Do I have a problem with the details being kept under wraps from everyone else until Amazon is able to apply a fix to their EC2 Xen instances? Yes, I do have a problem with it.



> AWS customers know that security and operational excellence are our top two priorities. These updates must be completed by October 1st before the issue is made public as part of an upcoming Xen Security Announcement (XSA). Following security best practices, the details of this update are embargoed until then. The issue in that notice affects many Xen environments, and is not specific to AWS.


https://aws.amazon.com/blogs/aws/ec2-maintenance-update/


----------



## AnthonySmith (Sep 27, 2014)

I understand Amazon and other big players getting first dibbs, they have a MUCH bigger job to do than everyone else and if struck on a large scale by such an issue the public confidence in Xen would take a huge hit.

I dont think just letting everyone else deal with the fallout later while it is in the wild is great though, a solid propagation process needs to be in place, level 1 notice being amazon and other +25% market share people, level 2 notice 24 hours later to registered groups such as OnApp etc, level 3 being <50 employee people and at this stage it is fair to expect some sort of leak however it gives you some chance.


----------



## 24/7/365 (Sep 27, 2014)

It makes complete sense but you still can't help feel like a second class citizen.


----------



## AnthonySmith (Sep 27, 2014)

Just got confirmation that solusvm/onapp have been given no information on this.


----------



## AnthonySmith (Sep 27, 2014)

AnthonySmith said:


> Just got confirmation that solusvm/onapp have been given no information on this.


----------



## DomainBop (Sep 27, 2014)

24/7/365 said:


> It makes complete sense but you still can't help feel like a second class citizen.
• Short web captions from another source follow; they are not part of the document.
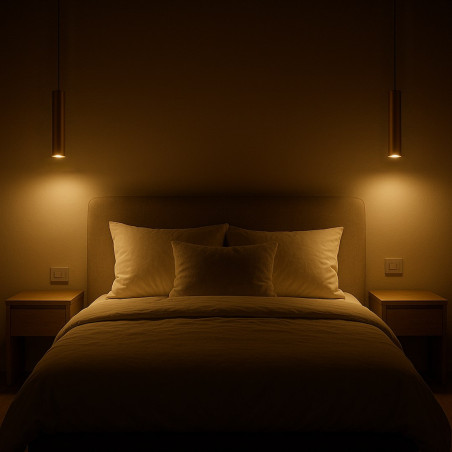NOWOŚĆ ML2439 Lampa wisząca GENESIS BLACK GOLD 1xGU10 Milagro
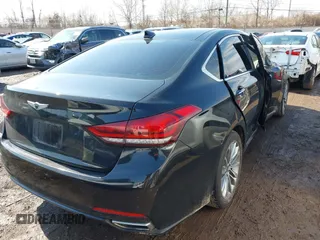 2017 Genesis G80 3.8L with VIN KMHGN4JEXHU178323, listed as a IAAI auction lot 41678966 with 63,268 mi miles. Bid and sale history available at carsss.com. Image 4.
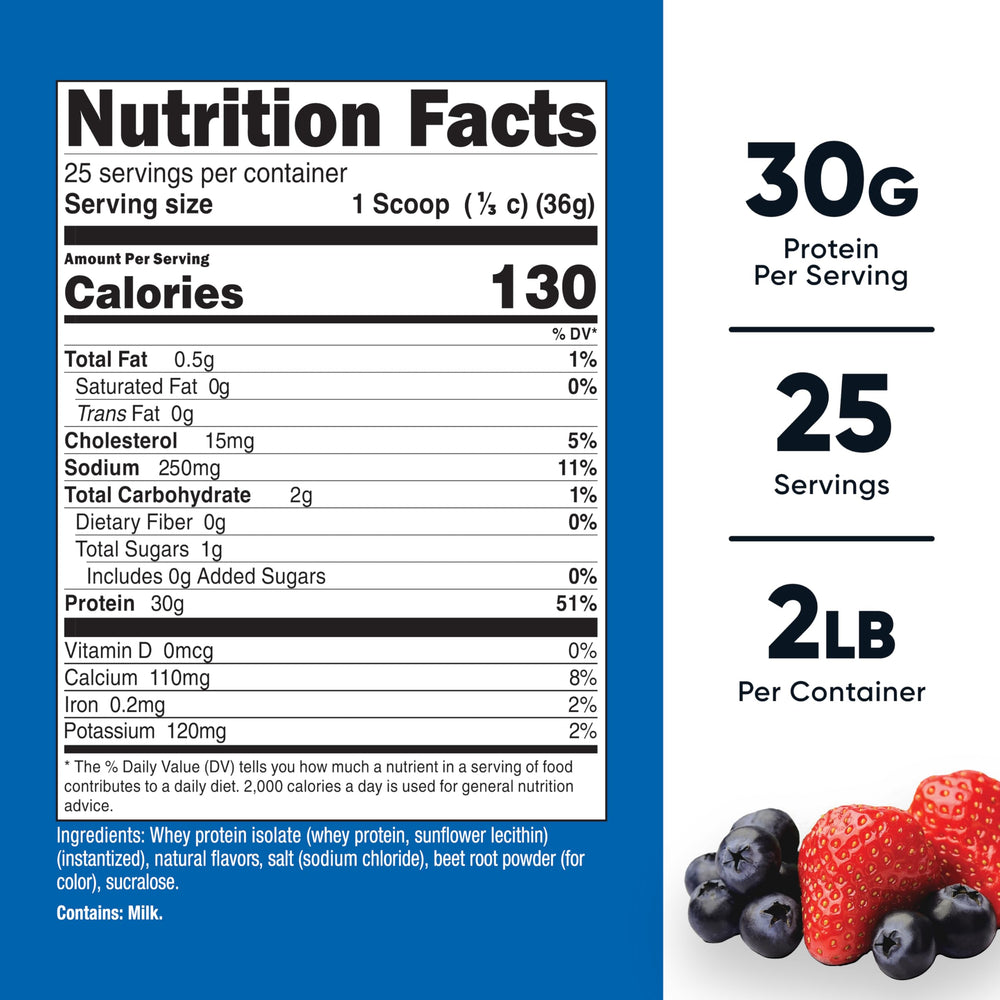 Nutricost Strawberry Acai whey protein scoop showing convenient serving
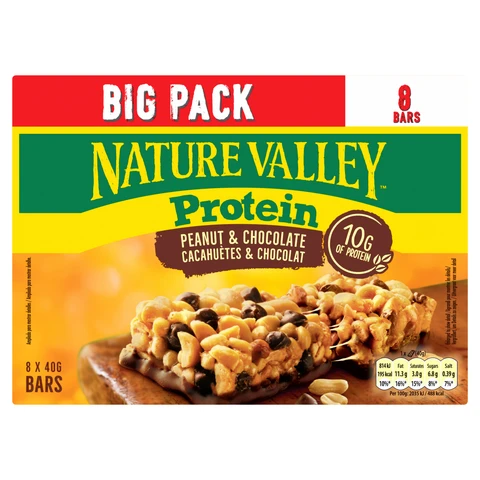 Nature Valley Protein Peanut & Chocolate Cereal Bars 8 x 40g
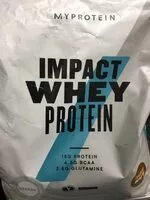 Mängden socker i Impact Whey Protein Chocolat Noix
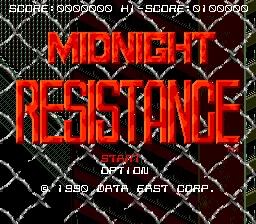 Игрална карта Midnight Resistance 16bit MD за Sega Mega Drive за Genesis System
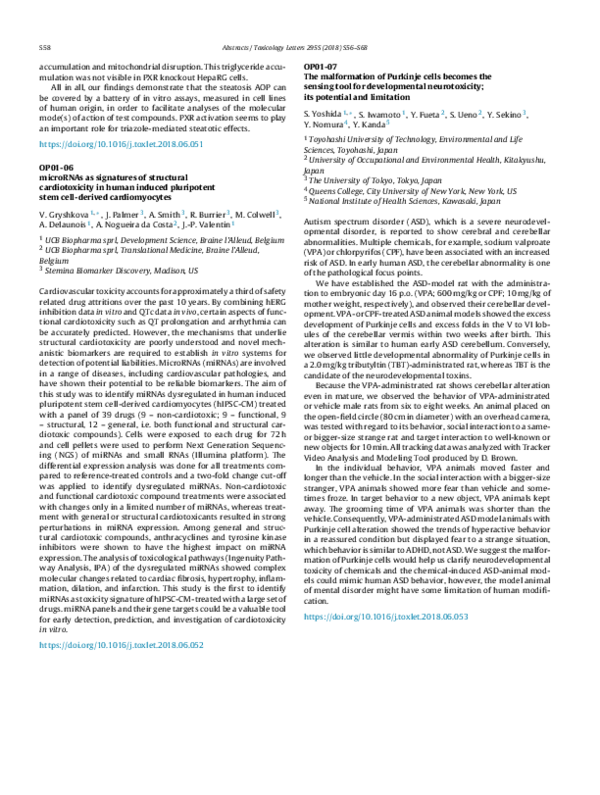 (PDF) The malformation of Purkinje cells becomes the sensing tool for ...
It makes sense to try to limit the damage by giving big companies a chance to fix it before the vulnerability becomes common knowledge, but on the other hand I don't like the further tilting of an already tilted playing field towards large corporations.
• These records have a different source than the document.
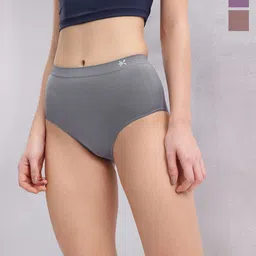 HRX by Hrithik Roshan Pack of 3 Solid Rapid Dry Antibacterial Seamless Hipster Briefs-image-49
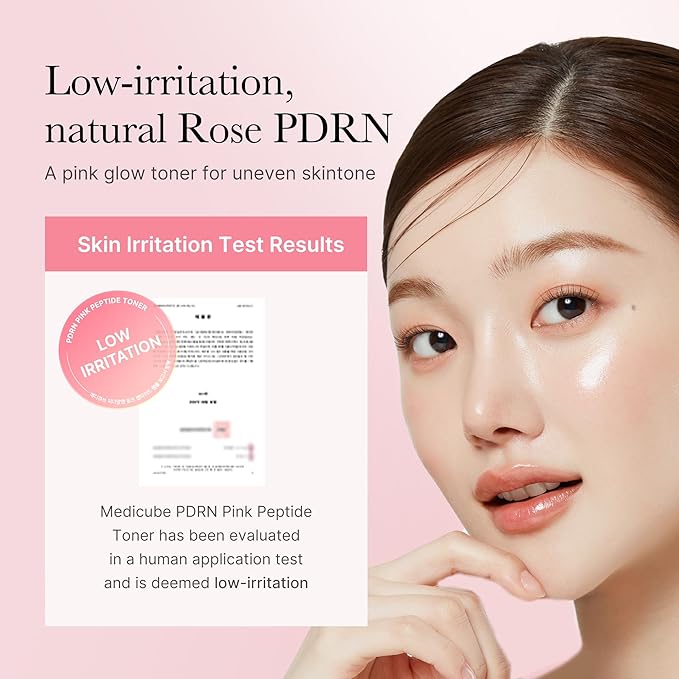 medicube PDRN Pink Peptide Toner I Pink Glow Toner for Skin Boosting, Soothing and Calming, Uneven Skin Tone, Rose PDRN & Peptide & Niacinamide, Korean Skin Care (250ml / 8.45 fl. oz.)-VivaGrace Women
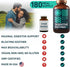 Digestive Enzymes with Probiotics and Prebiotics - Vegan Supplement for Gut Health & Digestion Support - 180 Caps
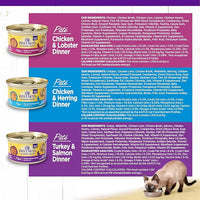 Wellness Complete Health Pate Adult Wet Cat Food, Natural, Protein-Rich, Grain-Free, 3 Ounce, 24 Pack, (Seafood Favorites Variety Pack)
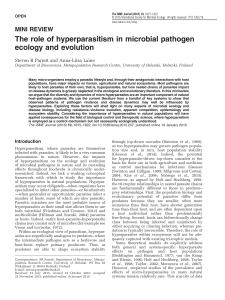 The role of hyperparasitism in microbial pathogen ecology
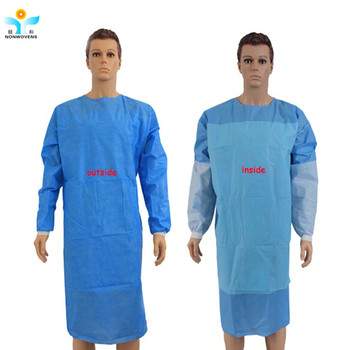 SMS Nonwoven Eco Friendly Breathable Surgical Gowns with Antibacterial Protection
Large companies are better able to survive the damage (both in terms of loss of trust and potential financial liability) than small businesses when there is a breach/hacking.  If big companies are given a chance to fix vulnerabilities before everyone else and small businesses are kept in the dark until the vulnerability becomes common knowledge,  it will mean small businesses are primarily the  ones to get hit when there is an exploit and it will make it that much harder to convince the average person to trust or use a small business rather than the well known household names who didn't get hit because they were forewarned.


----------



## AnthonySmith (Sep 27, 2014)

Not sure if my post was edited or if I messed up but it meant to say, edit: They (solus/onapp) do have all the info they wont be releasing any patches until it is under public release though.


----------



## k0nsl (Sep 27, 2014)

Rackspace is special, too.  
https://status.rackspace.com/


----------



## drmike (Sep 27, 2014)

Oh, well, if said vulnerability is being used as classism, perhaps the actual deficiency should be leaked to the world and force a more rapid response and more uniform treatment.


----------



## Francisco (Sep 27, 2014)

drmike said:


> Oh, well, if said vulnerability is being used as classism, perhaps the actual deficiency should be leaked to the world and force a more rapid response and more uniform treatment.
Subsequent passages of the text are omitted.